Service SLIs/SLOs
This section provides an introduction to Service Level Indicators (SLIs) and Service Level Objectives (SLOs) and explains how to configure and manage your indicators and objectives in the MONIT infrastructure.
What are SLIs/SLOs
SLIs
SLIs are metrics which provide clear information about the level of service experienced by its users; in other words, they show what is working and what is not for the users. To achieve this, service managers should not consider performance or internal host metrics for SLIs, but rather something providing information on the actual throughput, readiness, latency, response, etc., depending on the nature of the monitored service.
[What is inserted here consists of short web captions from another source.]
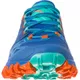 La Sportiva Bushido II Woman Damen Laufschuhe - Tinte/Liebestrank
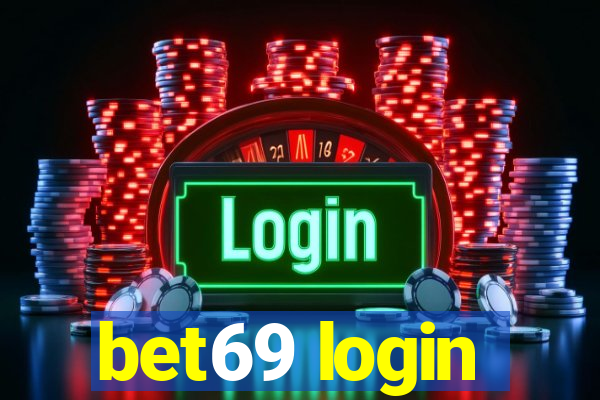 bet69 login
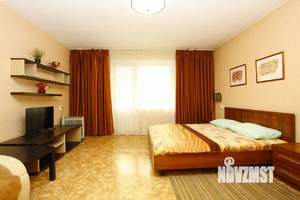 2-к квартира, посуточно, 56м2, 1/1 этаж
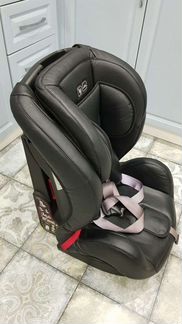 Автокресло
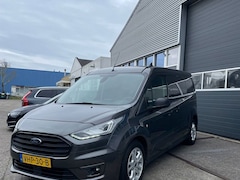 Ford Transit Connect - 1.5 EcoBlue L2 Trend
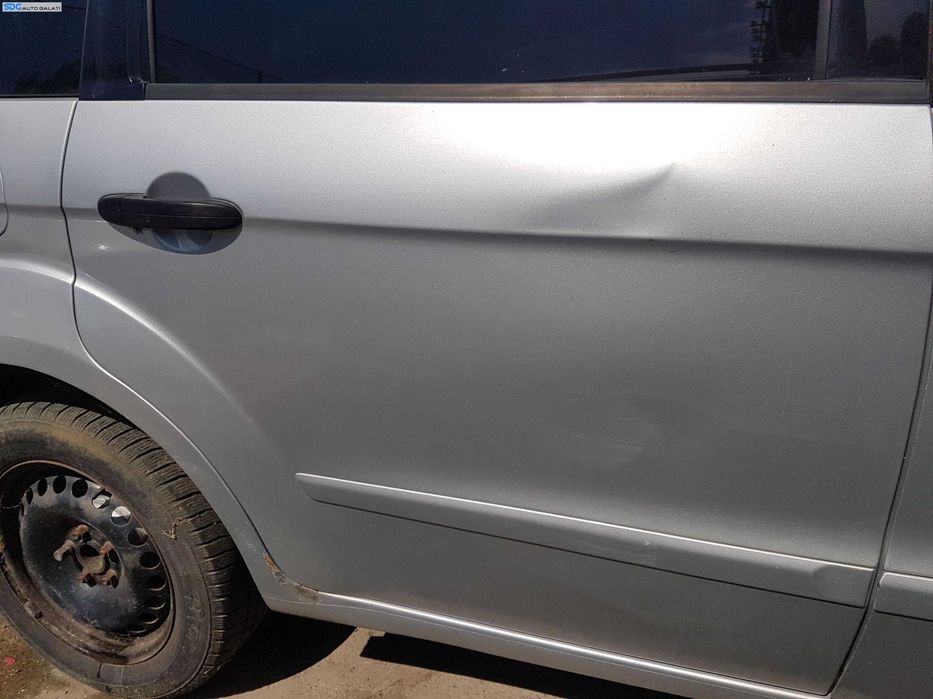 Usa Usi Portiera Portiere Spate Dreapta cu DEFECT Ford Galaxy 2 2006 - 2015 Cod Culoare 58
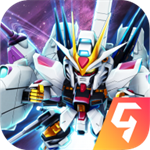 敢达决战九游版 v4.0.0 安卓版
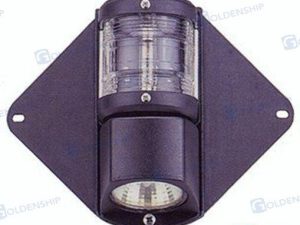 COMBO MASTHEAD/DECK LIGHT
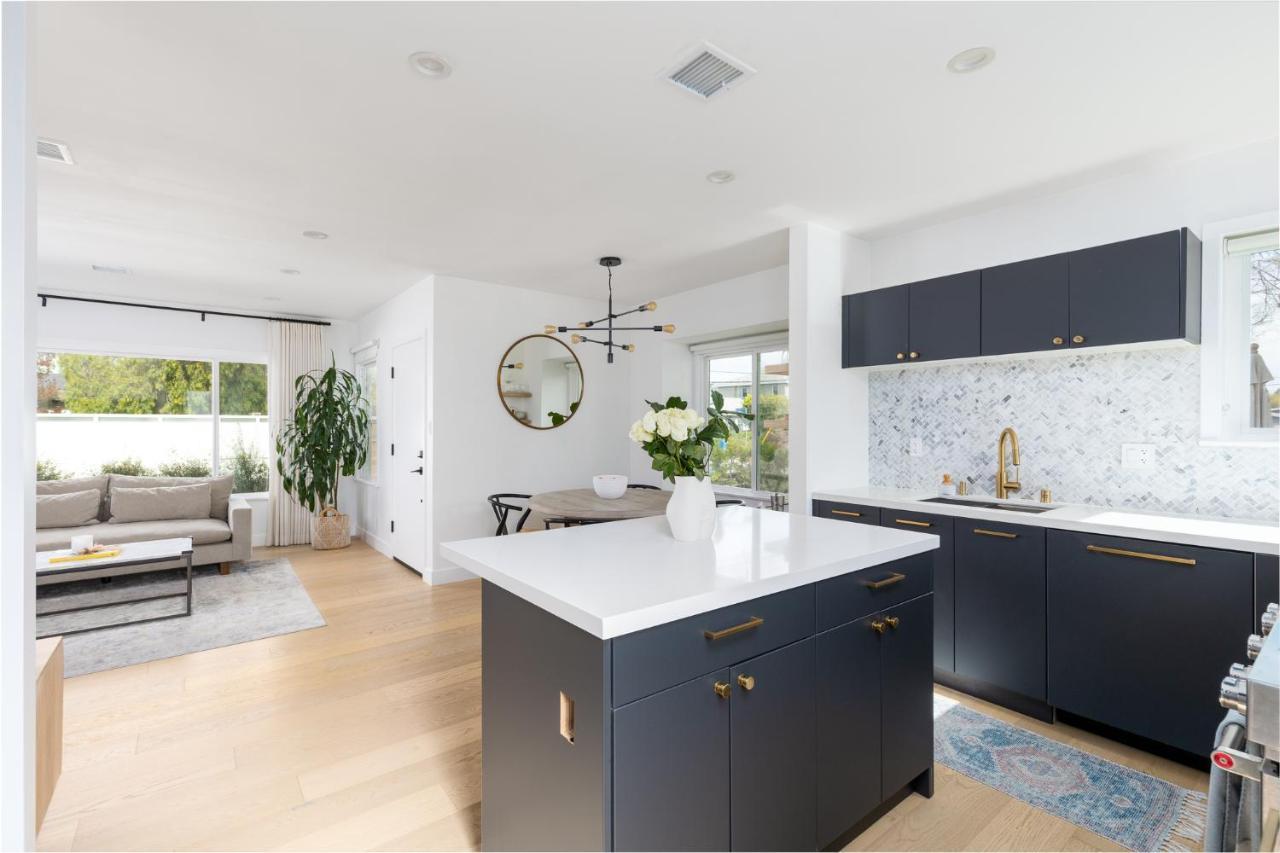 Beautiful 3 Bedroom In Mar Vista Los Angeles Buitenkant foto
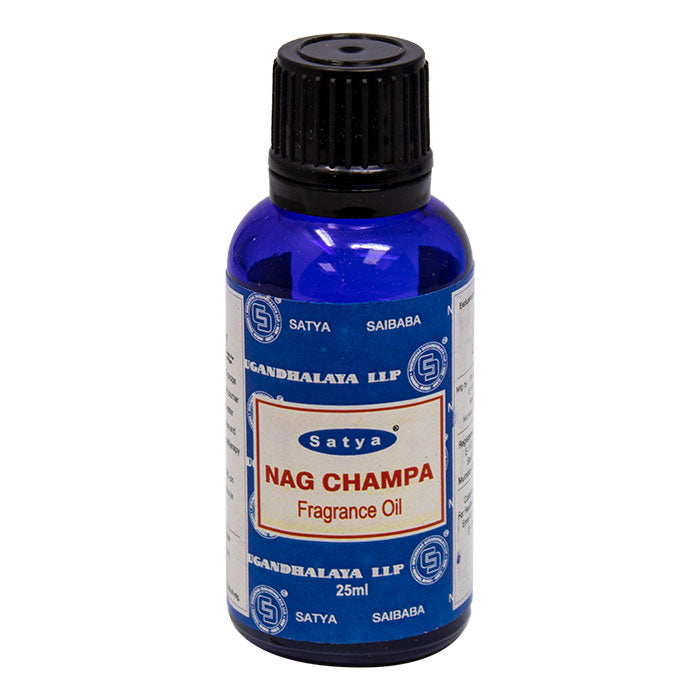 Satya 25ml Fragrance Oil product detail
There might be different representations of SLI metrics; the one we find the most representative is percentage-based, as it provides a very clear view about the service level even to users that are not aware of its internal processes and operations.
SLOs
An SLO is a target value for an SLI, measured over a period of time. It represents the tolerated drop of the delivered service level over time. As any service requires intervention or other downtime periods in general, the SLO should never be set to 100%. Another important point for the SLO is that it should be set over a long time interval (at least one week or more); otherwise, short glitches or interventions would exhaust it completely (e.g. SLO: 99,9% tolerated downtimes Daily:1m 26s; Weekly:10m 4s; Monthly:43m 49s;)
Error Budget
SLOs are used for calculating the "Error Budget" of a service: the amount of time the service can fail to perform within a certain period and still meet the SLO. The Error Budget provides a clear view how many bad individual events are allowed to happen during the remainder of the SLO period without violating its threshold. It's a good indicator for whether teams should focus more efforts on service realiability or features development.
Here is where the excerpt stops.